Report: East Coast in store for more floods, stronger storms

 Floodwaters from Sandy inundate Point Pleasant, New Jersey, in 2012.(Phil Gregory/WHYY)

Floodwaters from Sandy inundate Point Pleasant, New Jersey, in 2012.(Phil Gregory/WHYY)

A new study predicts severe flooding along the East Coast will become more frequent.


Princeton University geosciences professor Michael Oppenheimer, who helped write the study report, said greenhouse-gas buildup and global warming will cause sea levels to keep rising and hurricanes to become more intense.

“As we get toward the end of this century, potentially a flood like Sandy could occur every few years,” he said Wednesday. “And since we haven’t even as yet recovered from Hurricane Sandy, that means we won’t have time in between these events to recover from the knockout punches.”

Coastal planning efforts are ineffective, Oppenheimer said, because it takes decades to plan, raise the money, and build projects to protect the coast from an increasing flood threat. And it’s tough to convince decision makers to commit money to preventive measures.

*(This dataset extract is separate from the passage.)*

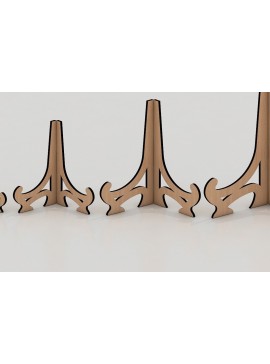 Σετ των 3 Intra απο ξύλο plywood 3mm-4mm πάχος 6mm Photo Holder Easel Display Stand 018 Δίασταση 6x6 cm INTRAFABR-34296870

“How do you get the political will to plan a big infrastructure expense, for instance building sea walls in some places or a surge barrier for a city like New York, when it’s tens of billions of dollars and you can’t tell people this is an urgent necessity that has to be in place today?” he said.

But less costly precautions could also reduce the impact of flooding from future storms.

“There’s no reason why we shouldn’t be raising air vents, which just let water pour into … subway systems, and why the entrances to tunnels and subways shouldn’t be blocked temporarily when we see that a big storm is about to come,” Oppenheimer said.